People may argue that these are unnecessary terms, that attraction and love don’t need labels and rules and that’s absolutely valid. I suppose that I would liken it to being an enthusiast or hobbyist; my husband paints miniatures, he knows the names of all the shades of colours (that look exactly the same to me), has dozens of brushes (all for different things or so I’m told), has learned and practised many different paint techniques and styles; to my unartistic eye the result is a nicely painted model (I can hear him sighing).
Recently I have identified as ‘Gender non-confirming’ as well as ‘female’. I’ve never felt that my gender defines me and I think I’m fortunate in that respect, I’ve always been comfortable in my own skin, wearing what I want and projecting the image that’s right for me. This may come from working in what is generally a male dominated environment.
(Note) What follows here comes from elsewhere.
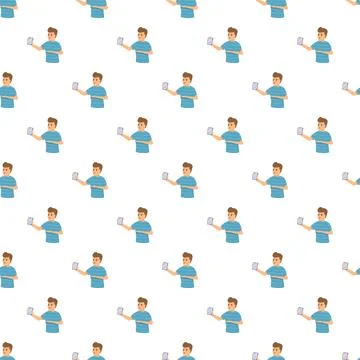 Young man using smartphone technology seamless pattern Stock Illustration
At the moment my family are not aware, I have come out to close friends and they have been accepting and curious which has been lovely. I’ve generally not made it known at previous jobs as there’s also an element of ‘do people need to know?’ not because I worry about how people see me, but in the same way people don’t need to know my favourite food or country, or whether I drink alcohol or not.
I would like people to think about what LGBTQ+ means to them, regardless of their sexual orientation, gender or, age.
Pride is for everybody, a celebration for all of us to enjoy, its accepting what unites us as equals but also makes us individual and unique. It is beautiful, it brings people together in solidarity, it is open and welcoming and non-judgemental.
It encourages us to have open conversations with friends, family and children. I have two young children, and I want them to ask questions, to be curious and embrace who they are and want to be. Nothing would make me prouder as a parent than if they are the one at school who their peers find comfortable to talk to and be open with.
Chances are everyone will know someone who is part of LGBT+ and if you don’t, it could be because those people in your life don’t feel comfortable making themselves known.
This is why Pride is so important, it is not just a month – but every day, take the opportunity to educate yourself, listen to the journeys of others without judgement and put yourself in their shoes.
Be the person that your friends, family, children, work colleagues, gym buddies, mates, girlfriends, dog walker, babysitter etc would feel happy to ‘come out’ to, and your life will be all the richer for it.
We all have a right to be accepted as our true selves.